Harman, the longest serving female MP in the Commons, is planning to table an amendment to the forthcoming Courts Bill to prevent defence teams from using an alleged victim’s past sexual encounters against them during rape trials.
It follows the aquittal of footballer Ched Evans, who was jailed for raping a 19-year-old woman at a hotel in North Wales in 2012. He was cleared after a retrial last year and returned to his former club Sheffield United.
A previous appeal court judgement meant information about the complainant’s previous sexual history was made available to the jury - including testimonies from two witnesses who gave details of her sexual preferences and language she used during sex.
The case drew criticism from victims’ groups and Harman says more must be done to protect those who come forward after being sexually assaulted.
″Prosecutors must be able to give complainants absolute assurance that their past sexual history will not be brought up and trawled over in court, or it will do huge damage in terms of deterring victims from coming forward.
“I want to see a cross-party alliance formed to ensure women are protected from this and we will be tabling an amendment to the Courts Bill when it is brought forward. We are expecting to get at least 50 signatures from MPs across the parties in support of it.”
Earlier this year, Northumbria Police and Crime Commissioner Vera Baird commissioned a report on court processes surrounding rape cases.

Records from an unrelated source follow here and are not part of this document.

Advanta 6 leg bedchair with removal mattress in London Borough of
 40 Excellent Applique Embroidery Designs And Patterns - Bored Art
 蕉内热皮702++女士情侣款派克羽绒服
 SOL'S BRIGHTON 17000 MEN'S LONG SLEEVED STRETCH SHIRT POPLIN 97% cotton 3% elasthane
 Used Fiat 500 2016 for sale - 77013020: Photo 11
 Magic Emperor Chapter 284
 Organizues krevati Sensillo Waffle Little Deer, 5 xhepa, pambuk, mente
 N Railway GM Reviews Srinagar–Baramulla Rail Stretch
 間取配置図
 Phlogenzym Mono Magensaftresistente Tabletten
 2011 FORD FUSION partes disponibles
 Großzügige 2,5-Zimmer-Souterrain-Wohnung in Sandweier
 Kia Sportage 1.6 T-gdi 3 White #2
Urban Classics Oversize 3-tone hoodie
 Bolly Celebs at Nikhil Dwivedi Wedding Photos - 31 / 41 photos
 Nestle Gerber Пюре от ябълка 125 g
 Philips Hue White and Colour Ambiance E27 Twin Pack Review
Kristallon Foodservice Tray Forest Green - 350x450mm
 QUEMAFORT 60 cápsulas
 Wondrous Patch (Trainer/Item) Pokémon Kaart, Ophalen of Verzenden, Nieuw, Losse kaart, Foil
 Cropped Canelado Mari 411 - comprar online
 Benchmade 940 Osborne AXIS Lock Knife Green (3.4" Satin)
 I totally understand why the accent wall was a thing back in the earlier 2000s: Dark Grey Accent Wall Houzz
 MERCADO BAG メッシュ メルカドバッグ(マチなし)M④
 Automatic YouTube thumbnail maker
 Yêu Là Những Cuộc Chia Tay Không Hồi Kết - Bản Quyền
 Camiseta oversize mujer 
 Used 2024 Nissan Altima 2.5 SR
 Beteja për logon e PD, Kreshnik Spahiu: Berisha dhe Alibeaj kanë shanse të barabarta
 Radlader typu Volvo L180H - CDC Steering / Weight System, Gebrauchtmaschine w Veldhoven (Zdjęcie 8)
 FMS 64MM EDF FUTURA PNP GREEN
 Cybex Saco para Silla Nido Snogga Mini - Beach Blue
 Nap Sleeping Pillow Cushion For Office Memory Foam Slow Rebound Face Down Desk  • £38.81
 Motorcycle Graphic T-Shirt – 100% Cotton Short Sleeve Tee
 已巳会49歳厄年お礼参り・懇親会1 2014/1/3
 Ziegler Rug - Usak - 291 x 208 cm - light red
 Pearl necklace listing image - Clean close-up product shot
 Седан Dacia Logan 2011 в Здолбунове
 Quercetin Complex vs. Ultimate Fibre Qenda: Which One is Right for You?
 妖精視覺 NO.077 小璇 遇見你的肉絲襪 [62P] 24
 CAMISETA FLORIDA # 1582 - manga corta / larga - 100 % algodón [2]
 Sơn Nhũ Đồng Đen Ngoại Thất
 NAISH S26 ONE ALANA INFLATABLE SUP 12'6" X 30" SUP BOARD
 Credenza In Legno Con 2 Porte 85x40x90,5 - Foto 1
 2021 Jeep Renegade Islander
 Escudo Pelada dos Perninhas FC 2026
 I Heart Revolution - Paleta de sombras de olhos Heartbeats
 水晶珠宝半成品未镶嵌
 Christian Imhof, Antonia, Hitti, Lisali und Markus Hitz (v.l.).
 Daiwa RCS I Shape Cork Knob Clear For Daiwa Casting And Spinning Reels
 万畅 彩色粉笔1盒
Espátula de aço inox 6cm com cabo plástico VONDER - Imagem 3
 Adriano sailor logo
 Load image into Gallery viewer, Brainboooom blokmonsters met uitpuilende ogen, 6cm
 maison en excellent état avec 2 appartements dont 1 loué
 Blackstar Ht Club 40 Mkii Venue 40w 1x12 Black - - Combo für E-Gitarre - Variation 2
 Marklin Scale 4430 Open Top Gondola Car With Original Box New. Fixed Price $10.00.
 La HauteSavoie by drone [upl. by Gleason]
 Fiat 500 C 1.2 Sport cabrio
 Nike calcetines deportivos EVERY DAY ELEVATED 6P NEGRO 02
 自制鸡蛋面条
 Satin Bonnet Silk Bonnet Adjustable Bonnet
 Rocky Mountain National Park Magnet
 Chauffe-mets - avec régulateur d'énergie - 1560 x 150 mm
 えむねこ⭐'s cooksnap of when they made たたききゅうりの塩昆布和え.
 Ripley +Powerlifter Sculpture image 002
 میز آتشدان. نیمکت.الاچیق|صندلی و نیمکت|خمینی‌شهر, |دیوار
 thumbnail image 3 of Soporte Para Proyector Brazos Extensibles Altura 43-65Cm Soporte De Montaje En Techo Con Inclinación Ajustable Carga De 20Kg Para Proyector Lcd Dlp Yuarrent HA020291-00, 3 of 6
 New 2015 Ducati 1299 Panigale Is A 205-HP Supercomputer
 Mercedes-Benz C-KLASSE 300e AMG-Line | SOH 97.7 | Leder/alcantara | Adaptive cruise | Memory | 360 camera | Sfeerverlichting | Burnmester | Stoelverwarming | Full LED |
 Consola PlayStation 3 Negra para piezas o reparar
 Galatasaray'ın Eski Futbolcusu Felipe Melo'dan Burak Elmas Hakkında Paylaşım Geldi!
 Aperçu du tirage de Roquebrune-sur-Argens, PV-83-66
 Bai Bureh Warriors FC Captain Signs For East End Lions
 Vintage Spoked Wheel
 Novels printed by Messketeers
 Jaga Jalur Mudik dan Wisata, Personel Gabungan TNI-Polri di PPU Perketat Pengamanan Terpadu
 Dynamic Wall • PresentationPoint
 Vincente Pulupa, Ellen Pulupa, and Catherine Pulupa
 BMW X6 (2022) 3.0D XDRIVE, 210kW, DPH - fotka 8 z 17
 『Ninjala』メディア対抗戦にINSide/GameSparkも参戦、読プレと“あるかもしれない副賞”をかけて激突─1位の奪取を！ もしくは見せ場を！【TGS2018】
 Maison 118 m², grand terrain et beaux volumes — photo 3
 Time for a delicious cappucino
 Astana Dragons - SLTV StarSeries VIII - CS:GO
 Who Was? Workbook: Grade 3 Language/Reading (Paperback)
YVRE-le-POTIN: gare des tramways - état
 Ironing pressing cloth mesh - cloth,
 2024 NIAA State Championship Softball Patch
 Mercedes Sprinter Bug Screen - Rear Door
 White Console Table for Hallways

She found 11 of 30 cases examined saw the complainant’s previous sexual history referenced. Defence lawyers have been banned from cross-examining alleged rape victims in court about their sexual behaviour or history since 1999, but in ‘exceptional circumstances’ it can still be permitted.
Baird said the precedent set by the Evans case had ‘set us back 30 years’.
Harman added: “Even if it were just the cases Vera Baird highlighted in her report, that alone would be enough to demonstrate that we need a change in the law, but we know it is more than that.
“Under the current system there are loopholes that can be exploited and prosecutors are unable to give victims proper assurances that they will not have to endure anyone suggesting they are somehow to blame based on their sexual history.
“I will be writing to the newly-appointed Justice Secretary and the Solicitor General to advise them that I would like to lead a cross-party coalition on this issue and make clear that we need to be able to offer complete certainty to those who come forward that they will be protected.”